Bizleri imha etmek için üzerimize yüzlerce ton kazan bombası, onlarca parça tesirli roket attınız.
Gerillayı yok etmek için bin bir savaş hileleri taktiklerinizi kullanıp, keşif uçaklarınızla yerimizi deşifre etmeye çalıştınız. Her türlü taktiği denediniz.
Başaramadınız, başaramayacaksınız!
Oligarşi, dağlarda sadece PKK gerillalarını aramıyordu. Aynı zamanda Türkiyeli devrimcileri de arıyordu.
Oligarşi dağlarda bizi arıyorken, biz oradaydık. Mevzilerimizde beklemedeydik. Terk etmedik mevzilerimizi.
Üzerimizde dalış yapıp, etrafımızı bombaladıklarında bir yanda mevzilerimizden izlerken diğer yandan sohbet ve muhabbetimize devam ediyorduk. Ne kaçtık, nede geri çekildik.

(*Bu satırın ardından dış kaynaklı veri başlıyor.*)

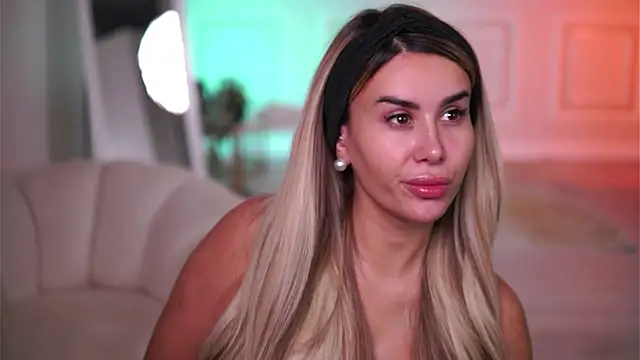 Snapshot of EvaZane chatting on 29, 11, 2025 EvaZane online show from 29, 11, 2025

Oligarşinin gelişmiş tüm teknik donanımına karşı tek güvencemiz olan dağlara sırtımızı yasladık. Kırk yıldır PKK gerillalarını koruyan, kollayan dağlara emanet ettik bedenimizi. Kürdistan’ın çetin dağları bizi korumakla kalmadı, korkularımızı, zaaflarımızı tokat gibi yüzümüze çarptı. İrademizi daha da güçlendirdi.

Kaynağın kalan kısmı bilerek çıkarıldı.